Wednesday, December 9, 2009

Incremental

each year professors are required to submit an annual report detailing how we've spent our time. we list the courses we teach, the students we supervise, the research we've published, the work we have in progress, the service we undertake, supplementary professional activities, honors and awards. it's an electronic form so you don't really know how long it is until you print out the 4 or so pages at the end of june.

once you've done this, your department chair provides a summary assessment.
you report, she evaluates, putting an increment recommendation (0.5, 1.0, 1.5, 2.0 or 2.5) next to your file. an increment is worth a certain amount of money, keyed to the salary scale, which in turn is keyed to rank. the chair sends the entire department's assessments "upstairs." in the case of a department like english and film studies, this involves literally moving papers from the third floor to the sixth, but in most cases it's metaphorical.
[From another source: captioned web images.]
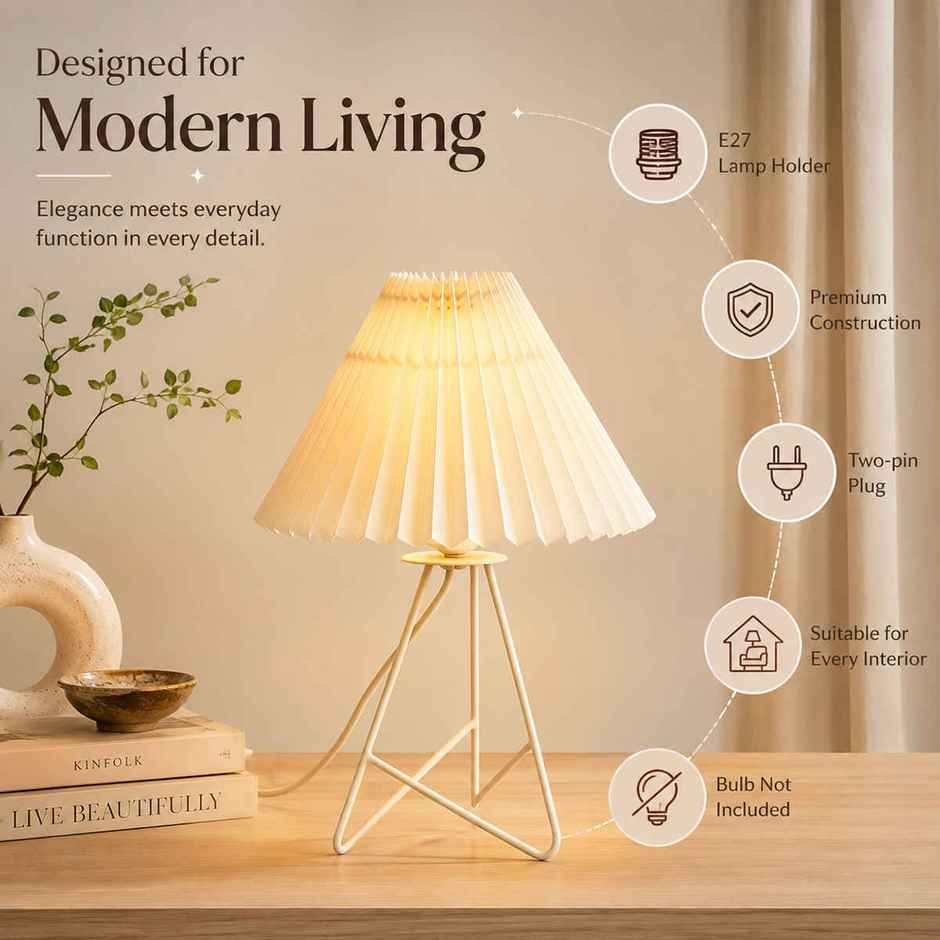 Homesake Retro Metal Table Lamp | Bedside Gift for Living Room & Home | Cream Pleated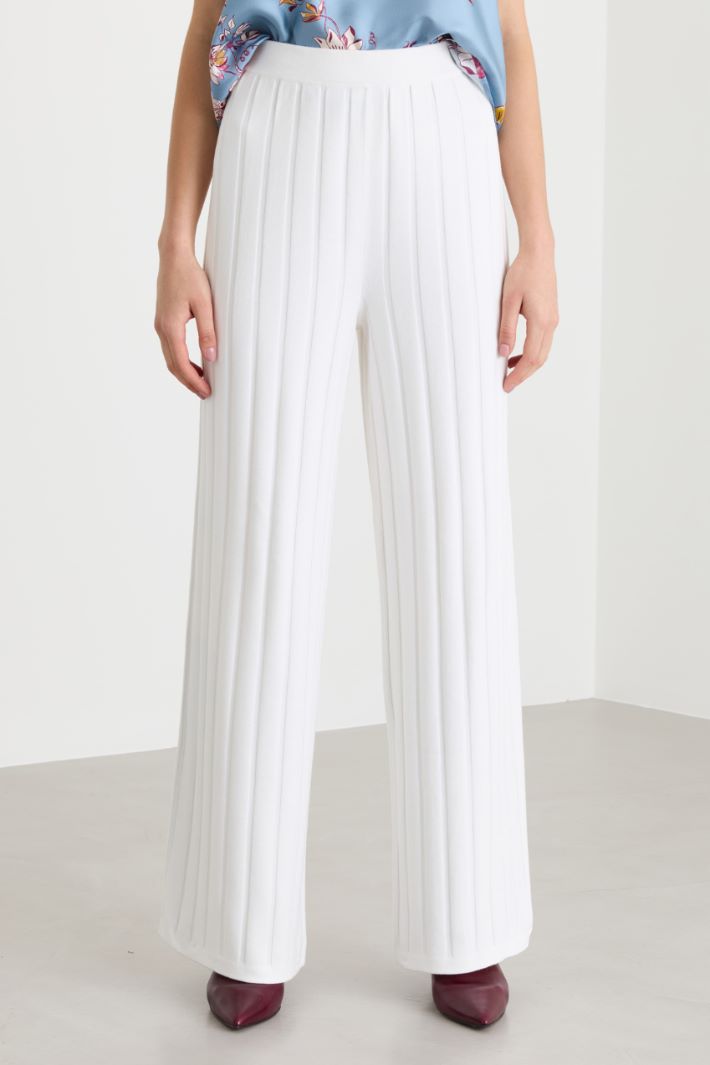 Pantalone in filato di viscosa stretch - BIANCO - Intrend - 2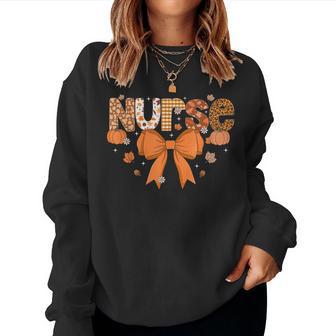 Fall Nurse Pumpkin Season Autumn Thanksgiving Women Sweatshirt - Thegiftio UK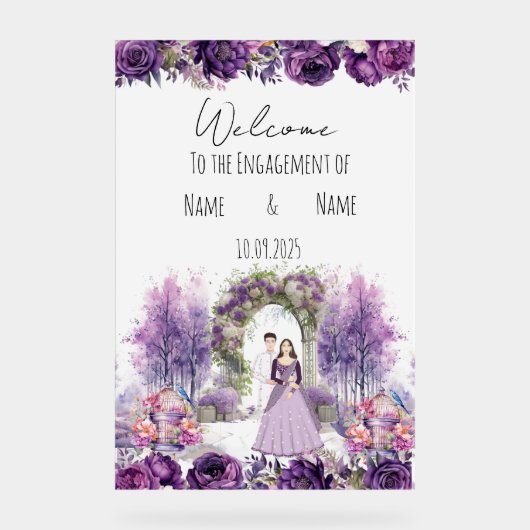 Bloemen lila Verloving teken Acryl Bord (Voorkant)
upstairs in the dean's office, an associate dean reads all the annual reports and summary assessments for a group of departments; in my case, five (about 140 files). i advise the chair if things seem unclear or if i think someone is being undervalued or overvalued. we meet, and chairs talk about the agony they go through weighing an assistant professor's apples against an endowed researcher's oranges.

even at this point, none of this is binding, because the faculty evaluation committee makes the ultimate decision. the faculty evaluation committee, FEC, is comprised of chairs plus an equal number of elected representatives from across the faculty of arts. associate deans have to be there too, but we are non-voting observers slash resource people. FEC reads every file - the binders by this point are unluggable - and arrives at the final decision of how many increments each case merits, in a scarcity context: increments are limited to 120% of the number of faculty members in arts.
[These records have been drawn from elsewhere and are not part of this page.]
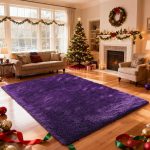 Shag Area Rugs for Bedroom Living Room,5X8 Ultra Soft Purple Fluffy Area Rugs for Dorm, Indoor Carpet Nursery Rugs for Kids Girls Room Home Decor, Purple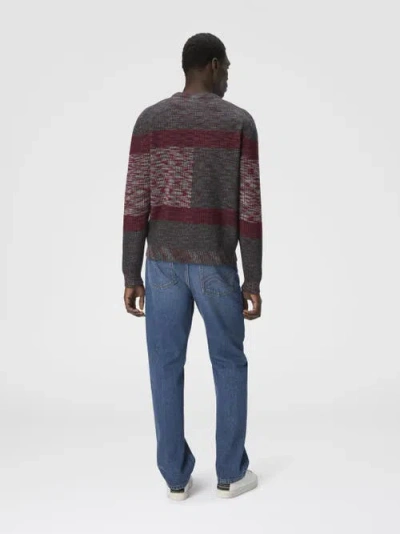 Missoni Crew Neck Sweater With Check Pattern In Gray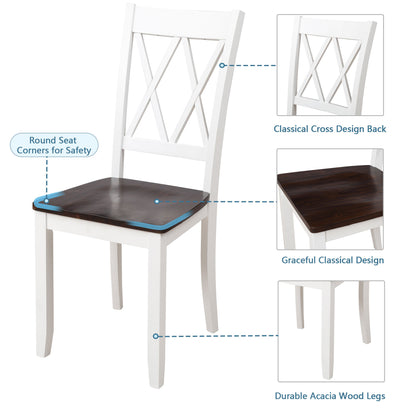 TOPMAX 5-Piece Dining Table Set Home Kitchen Table and Chairs Wood Dining Set (White+Cherry)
that's the process, in a (five-month) nutshell.

people tell you FEC will be exhausting, but you don't really know what it's like until you've been there.
the big confab takes place during the first week of december starting at 8:30 every morning. the multi-day meeting is highly confidential. by friday afternoon, we emerge with an increment recommendation for all 400-some academic staff members.

people who have been through the experience typically say the following about FEC: "it's time-consuming, it's
expensive, it's difficult, and it's exhausting - but it's ultimately worthwhile, because it's fair."
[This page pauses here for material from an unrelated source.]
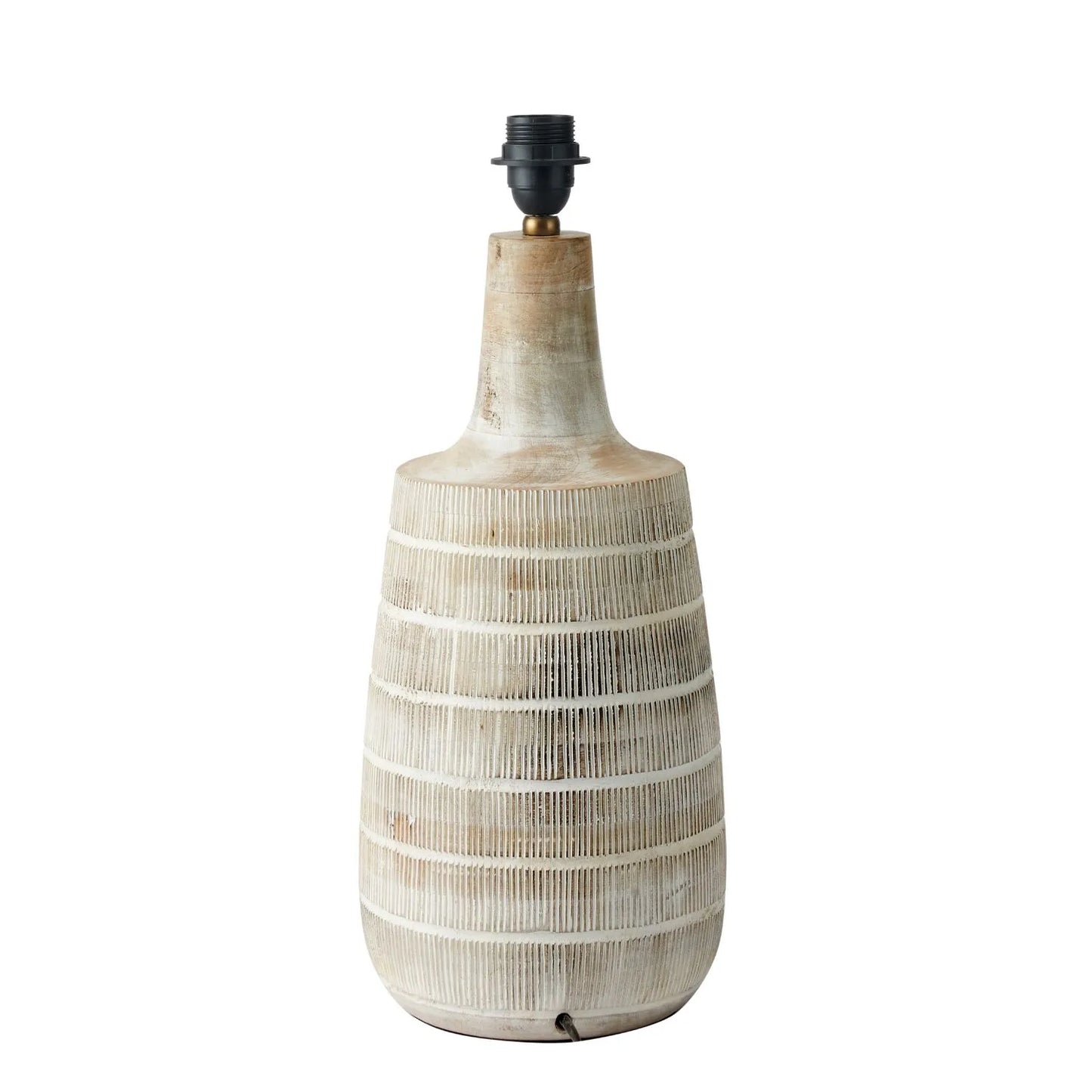 Grayvon Whitewashed Tall Bottle Lamp Base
i have been thinking about this all week, as i sit mute and unvoting in the same seat at the same table in the same room, day after day. that it's time-consuming and expensive can't be denied. yes, yes, biennial or triennial evaluations of tenured faculty - great idea (and you should vote for that faculty association any time now). but how is it exhausting? and is it ultimately fair? these are the questions i've been turning over this week.

i find FEC exhausting emotionally. i feel a wide range of hard emotions in sometimes quick succession: fear, rage, frustration, incredulity, envy, irritation, trepidation, resentment. people who've been around a while also find humor - which i admire, but can't get to. i feel that too, my rawness. i am not inured. there are things i don't want to know, things i don't want to witness. i feel uncomfortably complicit and want to be back outside. it reminds me of how i used to feel about doctoral candidacy exams. a PhD exam used to be all i could do in a day, would come home stunned and needing
to have a good cry before heading to bed at 9. i felt for the students, that was part of it, but mostly i cried with dismay at our inability to imagine things differently. what kind of anti-creativity turns an opportunity to engage with student work into a brute instance of institutional humiliation? students never fail, but they never have to, as long as they know they could.

(these days, i take candidacy exams as given: not my favorite part of the job, but a necessary evil. eh, what are you going to do? i register that as a loss.)

as for fairness: well, it depends what you mean by fair. if you mean procedural justice, which most people do, then FEC is absolutely fair: astonishingly so. cases are evaluated, not individuals; it's not personal; the year's work is under review, not your past, not your prospects, not your personality. most of the people in the room have their own files in the mix (chairs' are done by the dean), so there is a weird and radical democracy at work. i understand what colleagues mean by saying it's a fair process.

but if by justice you mean something other than a liberal process based on individualism - distributive justice, perhaps, or restorative justice, even retributive justice (which i am sadly not above); if you want the university to be a place that actively makes the world better; if you yearn for external markers to match your internal sense of what's fair; if you believe meaning is only made in complicated contexts, dissensual communities and vexed histories: if these are the things you value, then you would probably want something other than FEC.

i suppose at the end of the day - at the end of this day - i don't know where to find what's captured in this fragment of poetry, written about the changing light in long june days but relevant to december's dark as well:

because of course we all must try
and do our best to buoy one another
to know remember and hold dear
what it means to work by increments

1 comment:

jen alabiso said...

this made me miss you. because it's so full of you, and that's been missing from my life.

these three most recent posts made me think 2 things:
1) oy. no matter how, no matter why, no matter what - nothing really changes, much does it? *sigh*
and
2) you DO go to poetry too.

which means I'm as ADHD as they say.